Shallow copy shares weight data

When you access A.H (adjoint) or A.N (normal), the returned operator is a shallow copy that shares the same weight tensors as the original:

A = Dense(weight, ...)
adj = A.H
adj.weight is A.weight  # True! They share the same data

# Modifying weights in one affects the other
adj.weight.data.fill_(0)
print(A.weight.sum())  # 0.0

This is intentional—modifying the operator should update both forward and adjoint consistently. If you need an independent copy, use torchlinops.copying.memory_aware_deepcopy(A).

View relationships can break with deepcopy

If your linop uses views into a larger tensor (e.g., slices of a shared buffer), a naive copy.deepcopy() will allocate separate storage for each view, potentially doubling memory usage. Use memory_aware_deepcopy() to preserve view relationships:

from torchlinops.copying import memory_aware_deepcopy

# Preserves view relationships
A_copy = memory_aware_deepcopy(A)

Complex numbers: adjoint includes conjugate

For complex-valued operators, the adjoint includes the complex conjugate:

# For complex weight matrix W:
# Forward: y = W @ x
# Adjoint: y = W.conj().T @ x

# This is automatically handled by Dense and other operators,
# but if you're implementing a custom linop, remember to include .conj()

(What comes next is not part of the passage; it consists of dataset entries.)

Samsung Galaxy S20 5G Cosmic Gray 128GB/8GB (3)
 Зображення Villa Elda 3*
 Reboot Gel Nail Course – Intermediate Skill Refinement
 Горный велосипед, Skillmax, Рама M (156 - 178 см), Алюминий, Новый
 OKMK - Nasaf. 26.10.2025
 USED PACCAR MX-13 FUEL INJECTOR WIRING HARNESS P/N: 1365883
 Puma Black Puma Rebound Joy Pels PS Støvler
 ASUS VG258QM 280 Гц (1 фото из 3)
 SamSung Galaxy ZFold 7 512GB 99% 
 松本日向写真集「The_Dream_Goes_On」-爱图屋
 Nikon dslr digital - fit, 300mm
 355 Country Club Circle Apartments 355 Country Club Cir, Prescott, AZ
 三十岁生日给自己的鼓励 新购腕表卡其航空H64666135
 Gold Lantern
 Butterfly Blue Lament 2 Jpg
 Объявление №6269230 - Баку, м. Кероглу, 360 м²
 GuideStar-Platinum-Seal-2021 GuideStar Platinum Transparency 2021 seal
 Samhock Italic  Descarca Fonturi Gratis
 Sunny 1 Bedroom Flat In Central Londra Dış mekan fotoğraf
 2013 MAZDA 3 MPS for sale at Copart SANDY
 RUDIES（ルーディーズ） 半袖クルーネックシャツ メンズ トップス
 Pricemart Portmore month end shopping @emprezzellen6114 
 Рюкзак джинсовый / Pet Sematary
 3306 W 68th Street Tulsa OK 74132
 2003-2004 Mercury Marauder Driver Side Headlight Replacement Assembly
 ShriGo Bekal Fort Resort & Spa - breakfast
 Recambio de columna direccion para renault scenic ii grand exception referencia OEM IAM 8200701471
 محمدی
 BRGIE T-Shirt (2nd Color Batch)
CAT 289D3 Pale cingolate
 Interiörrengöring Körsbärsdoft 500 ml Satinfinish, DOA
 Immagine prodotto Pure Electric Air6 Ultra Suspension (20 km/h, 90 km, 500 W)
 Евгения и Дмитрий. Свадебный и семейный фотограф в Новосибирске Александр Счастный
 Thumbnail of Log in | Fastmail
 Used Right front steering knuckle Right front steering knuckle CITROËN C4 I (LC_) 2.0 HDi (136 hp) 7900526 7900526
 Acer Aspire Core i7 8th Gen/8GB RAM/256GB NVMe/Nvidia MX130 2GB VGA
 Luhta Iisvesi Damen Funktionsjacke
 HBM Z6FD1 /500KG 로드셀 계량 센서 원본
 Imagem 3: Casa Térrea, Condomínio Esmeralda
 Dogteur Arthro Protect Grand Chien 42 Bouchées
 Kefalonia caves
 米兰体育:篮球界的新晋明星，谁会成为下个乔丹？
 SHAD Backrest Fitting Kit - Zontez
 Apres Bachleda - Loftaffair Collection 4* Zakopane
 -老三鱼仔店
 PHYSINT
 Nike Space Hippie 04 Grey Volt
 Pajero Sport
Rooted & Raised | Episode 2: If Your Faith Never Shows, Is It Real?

Linops are non-trainable by default

Linops use nn.Parameter with requires_grad=False by default, since linear operators in optimization problems are typically fixed. To make weights trainable:

weight = nn.Parameter(torch.randn(M, N), requires_grad=True)
A = Dense(weight, ...)
# Now A supports autograd

Pickle requirements for multiprocessing

If you plan to use linops with torch.multiprocessing, they must be picklable. The library uses specific patterns (static methods, NormalFunctionLookup class) to ensure this. Avoid using lambdas or closures in custom linop implementations.